The imprisoned are living with mental illness. States are ill-equipped to help | Thursday Coffee

Good Thursday Morning, Fellow Seekers.

More than half (56 percent) of the people now in America’s state prisons have reported mental health issues, but only a handful ever receive treatment, underlining the need for states to shore up their safety net programs, new data shows.

Fourteen percent of those who reported a mental health issue said they’d suffered serious psychological stress in the last month, while 43 percent of incarcerated people said they’d been living with a previously diagnosed mental health issue, according to data compiled by the Prison Policy Initiative.

But only about a quarter, 26 percent, said they’d received professional help for their issue since entering state custody.

And only 30 percent of those who said they’d experienced serious distress within the last 30 days said they’d received help, the advocacy group’s data, which was based on information originally compiled by the U.S. Bureau of Justice Statistics, showed.

“The data reveal policy failures that begin in our communities: governments have chipped away at the social safety net and accessible community-based treatment for years, while spending on the carceral system has increased,” the report’s author, Leah Wang, wrote.

“As law enforcement and courts respond to mental illness like it’s a crime, prisons and jails fill up with people who have serious mental health needs — which these systems are not designed to accommodate,” Wang continued. “And the longer they are in prison, certain people are likely to develop worsening mental health symptoms, especially those who are sent to solitary confinement.”

(Source: Prison Policy Initiative)

The report also found significant gender disparities, with women experiencing higher rates of mental illness than men.

According to the report:

  • Rates of post-traumatic stress disorder were almost three times higher among women than they were among men (34 percent of women, compared to 13 percent of men).
  • Rates of manic depression, bipolar disorder and/or mania (reported by 44 percent of women) and depressive disorders (49 percent of women) were double the rate of men.

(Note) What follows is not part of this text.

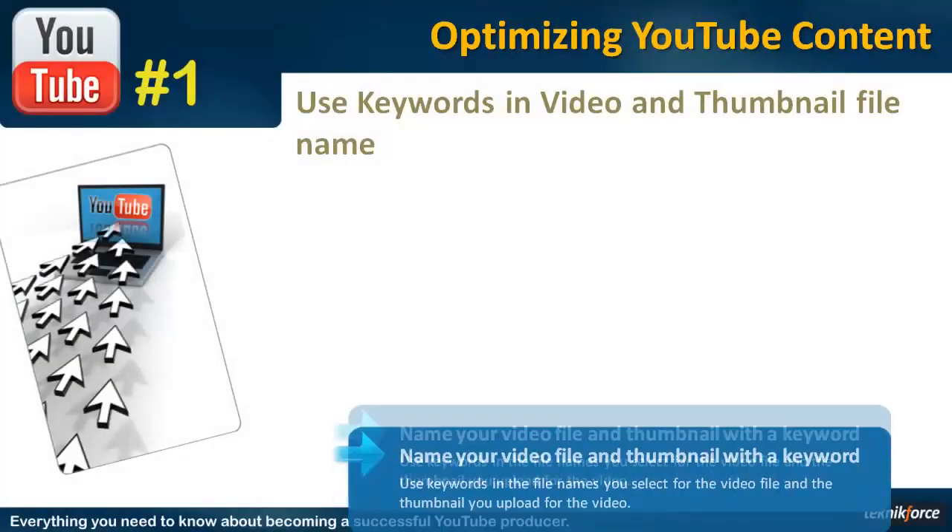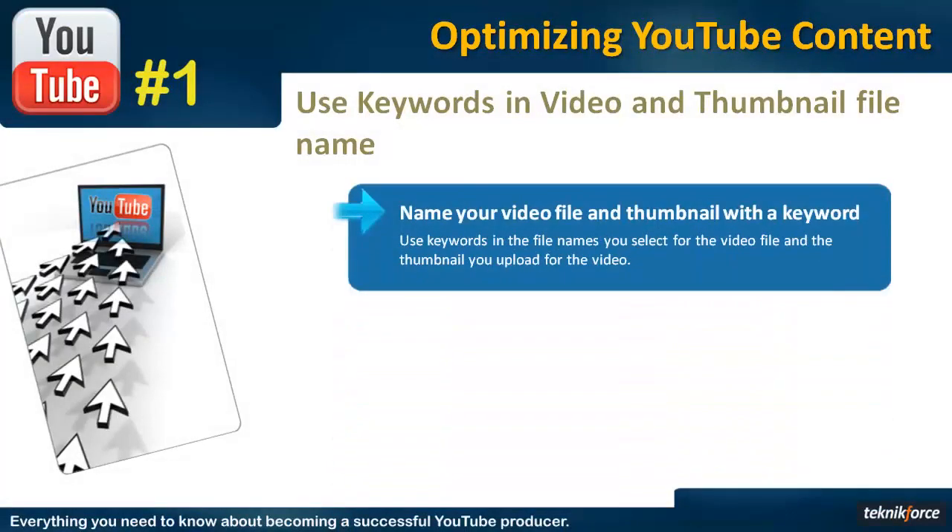Here's a little technique practiced and used by some of the top video marketers I know. These guys are really good marketers with top quality channels, getting lots of views and hits, so I'm sure they're onto something. The idea is to name the video file that you upload to YouTube and the thumbnail image file using keywords.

(Source: Prison Policy Initiative)

The report further found that:

  • “Mental health diagnoses in state prisons are most prevalent among multiracial people (56 percent report one or more), white people (53 percent), and Native people (52 percent), compared to Hispanic (36 percent), Black (33 percent), or Asian (32 percent) people. These figures track closely with how people of different racial and ethnic groups utilize mental health services outside of prison.
  • “A staggering half (50 percent) of people in state prisons who have a history of substance use disorder treatment also have a history of one or more mental health conditions. This is disproportionate overlap: According to the National Institute on Drug Abuse, 38 percent of U.S. adults with substance use disorder also had one or more mental health disorders,” the data showed.

According to the report, some of the mental health issues reported by incarcerated people may have been brought on by their experience with the criminal justice system, which can be severely traumatic.

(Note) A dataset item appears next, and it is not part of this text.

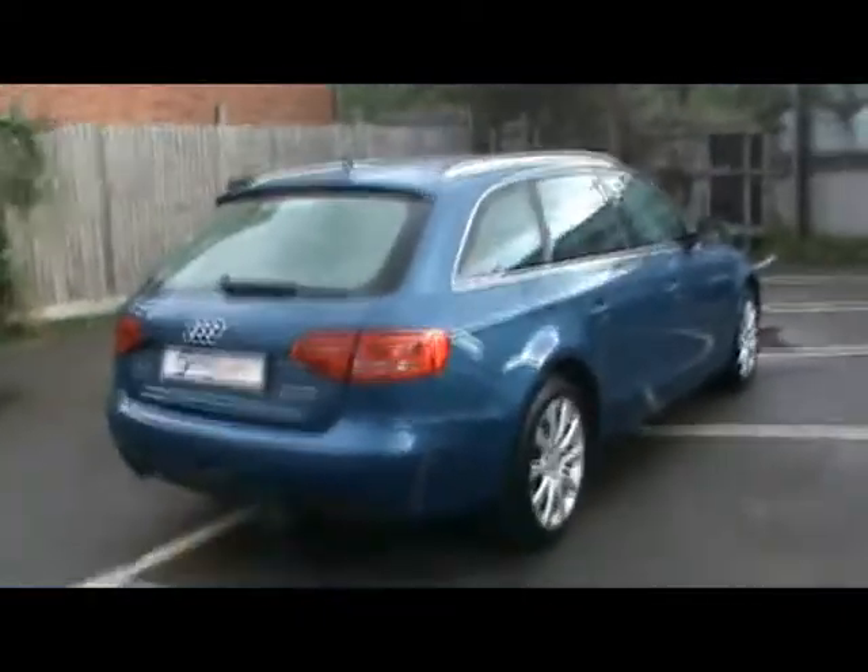So if you'd like any more information on this car please feel free to give us a call. Thanks for watching.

Data also show that when “someone is arrested, the odds of them having serious mental illness or psychological distress are even greater, reflecting the practice of sweeping people experiencing mental health crises into the criminal legal system instead of redirecting them to community-based services,” Yang wrote.

“Despite how ill-suited these facilities are for providing these services, prisons and jails have become some of our nation’s largest de facto mental health care providers since the deinstitutionalization of public psychiatric hospitals beginning in the 1950s,” Yang concluded. “State policy decisions, then, led directly to the profound overlap of mental illness and mass incarceration that we see today.”